**AIM OF THE TASK**
From the first line of the records through the line containing "Frozen Russian city", retype every line exactly and nothing else.

****************

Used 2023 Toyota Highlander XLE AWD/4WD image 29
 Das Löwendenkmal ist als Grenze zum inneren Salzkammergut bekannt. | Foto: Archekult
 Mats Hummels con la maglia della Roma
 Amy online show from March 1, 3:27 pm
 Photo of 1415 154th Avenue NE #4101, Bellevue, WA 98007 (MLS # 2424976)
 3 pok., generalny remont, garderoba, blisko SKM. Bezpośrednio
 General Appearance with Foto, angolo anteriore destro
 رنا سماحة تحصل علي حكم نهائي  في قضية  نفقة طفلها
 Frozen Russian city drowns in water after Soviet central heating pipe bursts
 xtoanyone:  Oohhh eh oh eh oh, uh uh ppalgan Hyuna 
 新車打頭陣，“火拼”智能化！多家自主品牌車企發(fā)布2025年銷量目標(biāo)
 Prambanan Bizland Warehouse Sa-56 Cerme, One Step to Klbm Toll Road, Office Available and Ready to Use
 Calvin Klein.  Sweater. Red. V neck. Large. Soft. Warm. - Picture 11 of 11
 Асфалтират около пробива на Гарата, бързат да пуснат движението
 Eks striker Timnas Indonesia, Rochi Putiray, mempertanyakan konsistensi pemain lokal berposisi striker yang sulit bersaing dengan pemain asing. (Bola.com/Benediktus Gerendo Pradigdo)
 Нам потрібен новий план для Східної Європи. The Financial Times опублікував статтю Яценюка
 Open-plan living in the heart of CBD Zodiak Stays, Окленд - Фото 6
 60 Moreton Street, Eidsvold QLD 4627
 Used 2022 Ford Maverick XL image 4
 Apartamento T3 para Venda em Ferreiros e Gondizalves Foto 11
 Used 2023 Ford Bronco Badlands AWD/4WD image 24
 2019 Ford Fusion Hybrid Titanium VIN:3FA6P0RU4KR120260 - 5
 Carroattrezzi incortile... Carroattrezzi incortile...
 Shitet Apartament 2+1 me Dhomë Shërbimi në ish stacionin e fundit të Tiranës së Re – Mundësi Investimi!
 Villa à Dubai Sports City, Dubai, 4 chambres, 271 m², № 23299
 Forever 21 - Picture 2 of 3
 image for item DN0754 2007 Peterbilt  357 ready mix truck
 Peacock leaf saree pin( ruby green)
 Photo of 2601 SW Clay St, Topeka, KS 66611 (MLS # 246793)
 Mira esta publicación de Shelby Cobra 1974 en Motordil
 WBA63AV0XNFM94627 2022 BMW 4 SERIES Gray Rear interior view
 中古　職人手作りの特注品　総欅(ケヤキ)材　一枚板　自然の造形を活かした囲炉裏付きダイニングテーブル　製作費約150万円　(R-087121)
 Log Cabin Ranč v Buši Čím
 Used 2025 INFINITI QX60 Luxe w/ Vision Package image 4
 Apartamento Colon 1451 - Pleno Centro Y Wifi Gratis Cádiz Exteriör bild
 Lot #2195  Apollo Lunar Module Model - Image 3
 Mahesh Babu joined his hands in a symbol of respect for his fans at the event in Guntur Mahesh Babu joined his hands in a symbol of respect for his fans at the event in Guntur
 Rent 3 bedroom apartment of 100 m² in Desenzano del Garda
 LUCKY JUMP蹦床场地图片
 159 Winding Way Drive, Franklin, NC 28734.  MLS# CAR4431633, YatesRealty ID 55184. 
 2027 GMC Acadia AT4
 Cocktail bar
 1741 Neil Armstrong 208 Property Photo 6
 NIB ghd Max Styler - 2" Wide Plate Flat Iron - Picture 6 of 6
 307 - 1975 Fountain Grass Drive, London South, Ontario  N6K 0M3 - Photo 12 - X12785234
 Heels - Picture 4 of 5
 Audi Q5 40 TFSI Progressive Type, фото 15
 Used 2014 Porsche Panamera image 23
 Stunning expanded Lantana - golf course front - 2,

****************

**SOLVED PROBLEM**
Used 2023 Toyota Highlander XLE AWD/4WD image 29
 Das Löwendenkmal ist als Grenze zum inneren Salzkammergut bekannt. | Foto: Archekult
 Mats Hummels con la maglia della Roma
 Amy online show from March 1, 3:27 pm
 Photo of 1415 154th Avenue NE #4101, Bellevue, WA 98007 (MLS # 2424976)
 3 pok., generalny remont, garderoba, blisko SKM. Bezpośrednio
 General Appearance with Foto, angolo anteriore destro
 رنا سماحة تحصل علي حكم نهائي  في قضية  نفقة طفلها
 Frozen Russian city drowns in water after Soviet central heating pipe bursts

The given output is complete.